Yet no rink, the skaters said, has filled the void left by the Roxy and Empire.

"Empire was the love of our life," said Yvonne Blugh, who showed up at Dreamland shortly past sunset on Saturday with her husband, Ian -- the two met and fell in love at Empire. The night's theme at Dreamland was "Purple Rain," the 1984 movie starring Prince, and the Blughs dressed accordingly: she in a shiny black leather minidress and fishnet stockings, and he in a purple velour pantsuit with leopard-print flares.

Alex Kirby, a 63-year-old who wears 38-year-old custom-made roller skates, drives on most weekends to rinks in New Jersey. But Mr. Kirby, who polished his roller-dancing technique over decades at the Roxy and other rinks in the city, finds the New Jersey skaters too fast.

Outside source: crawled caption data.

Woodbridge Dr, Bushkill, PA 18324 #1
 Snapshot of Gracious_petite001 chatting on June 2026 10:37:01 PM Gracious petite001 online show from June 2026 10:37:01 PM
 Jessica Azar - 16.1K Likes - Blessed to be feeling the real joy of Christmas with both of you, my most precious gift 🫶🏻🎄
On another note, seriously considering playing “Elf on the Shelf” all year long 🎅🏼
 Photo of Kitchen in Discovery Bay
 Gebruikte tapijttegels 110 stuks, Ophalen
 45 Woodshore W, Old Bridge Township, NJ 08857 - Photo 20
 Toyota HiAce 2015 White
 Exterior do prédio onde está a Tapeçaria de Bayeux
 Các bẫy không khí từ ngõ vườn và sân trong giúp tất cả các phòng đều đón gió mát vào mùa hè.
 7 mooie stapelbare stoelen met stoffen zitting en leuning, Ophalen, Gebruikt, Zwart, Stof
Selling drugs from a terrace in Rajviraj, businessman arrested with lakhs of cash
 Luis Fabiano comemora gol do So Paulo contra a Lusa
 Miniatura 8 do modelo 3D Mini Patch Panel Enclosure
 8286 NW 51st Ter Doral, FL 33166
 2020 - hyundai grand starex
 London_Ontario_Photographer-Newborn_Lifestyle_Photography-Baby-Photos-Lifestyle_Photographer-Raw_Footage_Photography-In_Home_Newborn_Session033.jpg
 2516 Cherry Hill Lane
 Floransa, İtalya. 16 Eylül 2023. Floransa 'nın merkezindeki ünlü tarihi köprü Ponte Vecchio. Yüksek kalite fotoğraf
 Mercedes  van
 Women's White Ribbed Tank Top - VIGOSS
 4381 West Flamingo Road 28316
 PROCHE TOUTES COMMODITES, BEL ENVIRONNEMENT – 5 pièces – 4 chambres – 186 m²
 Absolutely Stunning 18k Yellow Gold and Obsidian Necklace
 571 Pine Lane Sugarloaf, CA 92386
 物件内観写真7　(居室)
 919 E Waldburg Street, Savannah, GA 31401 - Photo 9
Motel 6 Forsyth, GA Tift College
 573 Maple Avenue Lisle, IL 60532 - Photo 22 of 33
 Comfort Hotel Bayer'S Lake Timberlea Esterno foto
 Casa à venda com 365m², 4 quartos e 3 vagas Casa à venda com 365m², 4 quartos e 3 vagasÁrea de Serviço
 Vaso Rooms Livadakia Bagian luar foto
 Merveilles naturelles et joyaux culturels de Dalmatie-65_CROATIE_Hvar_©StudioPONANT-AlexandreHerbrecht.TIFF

Irving Rollins, 52, who lives in Bedford-Stuyvesant, Brooklyn, said he had not been able to find a rink that equaled the Roxy's all-inclusive vibe.  "People from all over the world, upper-end people, lower-end people, there was no place like Roxy's," he said.

And Angela Pinder, who showed up at Dreamland with her friend Lecia Williams, finds the New Jersey rinks too far away, the Long Island skaters standoffish and the Staten Island rink too hard to find.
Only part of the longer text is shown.